It’s been a long time since members of the Amherst Town Board were screamed at, but Monday night’s meeting definitely counted as a screaming and yelling affair. Some worried meeting observer, apparently, even called the police.
Frustrations surrounding the controversial Hyatt Place project led opponents to jeer and boo from the audience. Supervisor Barry Weinstein was called an “embarrassment” and a “Communist,” while other council members were denounced as “cowards.”
“I’ve never seen anything so disgusting in all my life,” said Livingston Parkway resident Dona Hue Ritter-Schmidt. “I would really appreciate it if you would at least give these people the respect to do what they asked, and respond to at least what you’re thinking, instead of treating us like a bunch of people who don’t mean anything.”
Monday night’s issue involved the rezoning of a natural area known as Mike’s Pond. The pond separates the property owned by Iskalo Development, where the Hyatt hotel is to be built, and the nearest neighborhood residents, who live on Livingston Parkway.
The zoning designation given to the pond has been important to the neighbors, even though nothing can be built there, because it affects how far away the Hyatt Place development can be built.
The pond has been partially zoned “general business,” but residents wanted the entire pond zoned “residential” in an attempt to change the project’s setbacks and push the hotel project farther away from their properties.
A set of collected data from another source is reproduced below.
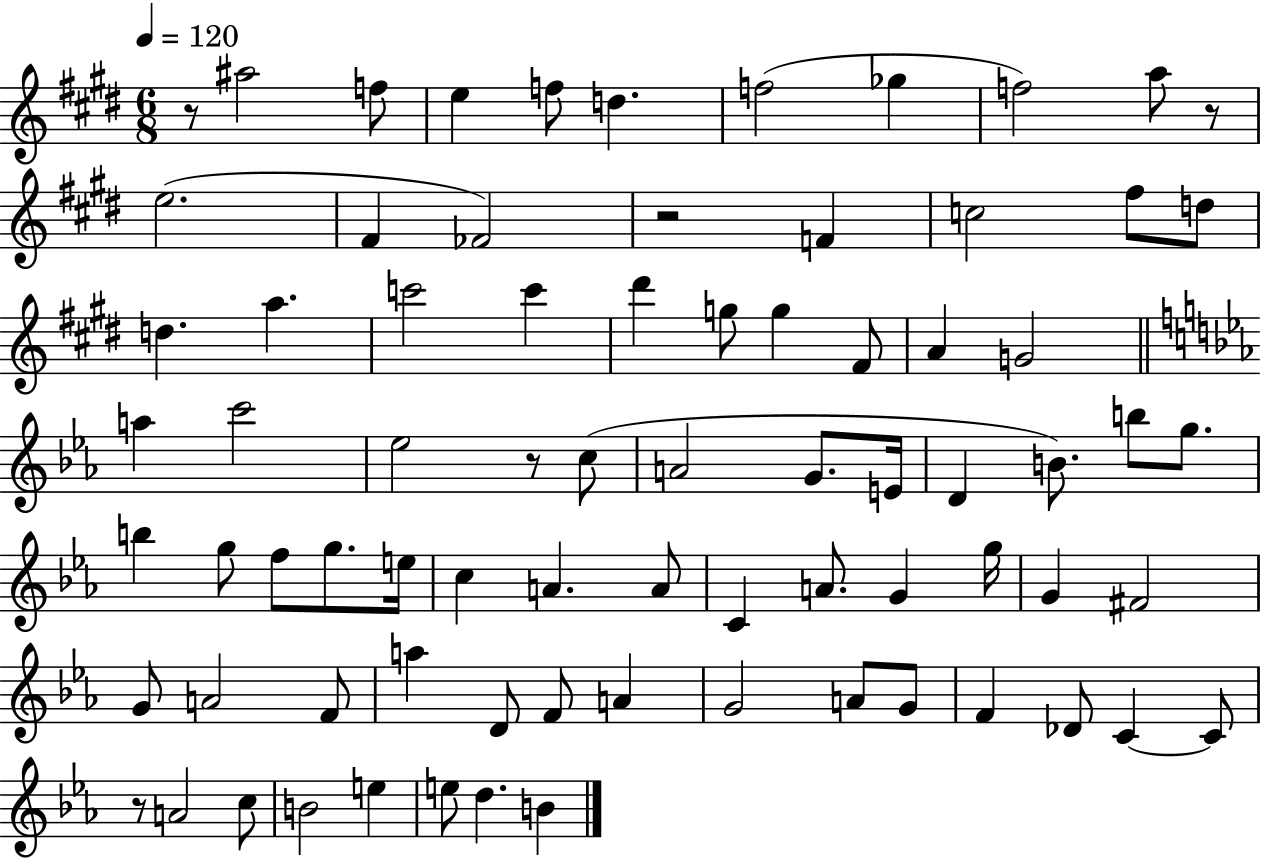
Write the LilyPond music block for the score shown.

{
  \clef treble
  \numericTimeSignature
  \time 6/8
  \key e \major
  \tempo 4 = 120
  \repeat volta 2 { r8 ais''2 f''8 | e''4 f''8 d''4. | f''2( ges''4 | f''2) a''8 r8 | \break e''2.( | fis'4 fes'2) | r2 f'4 | c''2 fis''8 d''8 | \break d''4. a''4. | c'''2 c'''4 | dis'''4 g''8 g''4 fis'8 | a'4 g'2 | \break \bar "||" \break \key c \minor a''4 c'''2 | ees''2 r8 c''8( | a'2 g'8. e'16 | d'4 b'8.) b''8 g''8. | \break b''4 g''8 f''8 g''8. e''16 | c''4 a'4. a'8 | c'4 a'8. g'4 g''16 | g'4 fis'2 | \break g'8 a'2 f'8 | a''4 d'8 f'8 a'4 | g'2 a'8 g'8 | f'4 des'8 c'4~~ c'8 | \break r8 a'2 c''8 | b'2 e''4 | e''8 d''4. b'4 | } \bar "|."
}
The first signs of meeting trouble began when roughly two dozen neighborhood residents turned out in support of the rezoning, but interested speakers failed to realize that they were required to sign up before the meeting started in order to address the board.
Weinstein, who occasionally informs the audience that sign-up is required, failed to do so at Monday’s meeting.
When Council Member Mark Manna, an outspoken backer of the residents, asked if residents who didn’t sign up could address the board, he was told no. When he made a motion to reopen the public comment period, no one seconded him.
“There are a lot of residents here who want to address the Town Board on two very important issues before we take a vote,” Manna said. “Surely we can extend to them that courtesy, seeing as how there’s practically nothing else on the agenda.”
Weinstein repeatedly called Manna out of order and told him to “stop grandstanding,” which only led to louder arguments by Manna and residents.
“You care more about the rules of order than being courteous to the people who pay your salary,” Manna said, to cheers and applause.
Not long after that, Weinstein asked for the board to take a position on the rezoning of Mike’s Pond. The board had held off on granting a residential zoning of the pond because Iskalo Development and the residents who own the pond disagree on the pond boundaries.
“I don’t understand how we, as a board, are supposed to make a judicial decision about exactly where that border is on behalf of the residents,” said Council Member Steven Sanders.
Weinstein said the matter may need to be resolved in court but that he felt the residents were owed a decision by the board before the Planning Board’s next meeting.
Weinstein asked that the board vote based on the survey provided by the residents. Because of a filed protest petition, the five council members (Richard “Jay” Anderson was absent) needed to vote unanimously.
Weinstein, Guy Marlette, Barbara Nuchereno and Manna voted yes, but Sanders, the last to cast his vote, voted no. Loud gasps rang out from the audience.
“How can you do that?” yelled one resident. “How can you do that? How can you just snub your nose at us?”
“Absolutely ridiculous!” cried another. “This is a circus, an absolute circus!”
Manna then attempted to introduce a resolution to put pressure on Weinstein and Nuchereno, both members of the Amherst Industrial Development Agency, to vote against tax breaks for the Hyatt project when it comes before the agency board March 22 in Amherst Council Chambers.
He didn’t get a second, and the town attorney concurred with the supervisor that it’s inappropriate to tell independent board members how to vote.
Boos rained down on the board. Manna also continued to loudly and bitterly criticize the board, further stirring the angry atmosphere.
When the board convened its second public expression period at the end of the meeting, more than a half-dozen Hyatt Place opponents heaped their anger and frustration upon the board.
When it was over, Sanders stunned everyone by asking to change his vote on the pond rezoning.
“I still think that the timing of this vote is wrong, but clearly the public feels that this will protect them from the hotel,” he said. “I’m not convinced that it will, but if that’s what they think, and that’s the way they feel this Town Board should represent them, then obviously it’s my obligation to represent the people, and so I will change my vote to a ‘yes’ on the rezoning.”
Iskalo Vice President David Chiazza said afterward that his company would “not necessarily” challenge the pond rezoning in court, saying that the site-plan setbacks may already accommodate the broader residential setback.
“I’m not sure it has any impact on our project,” he said.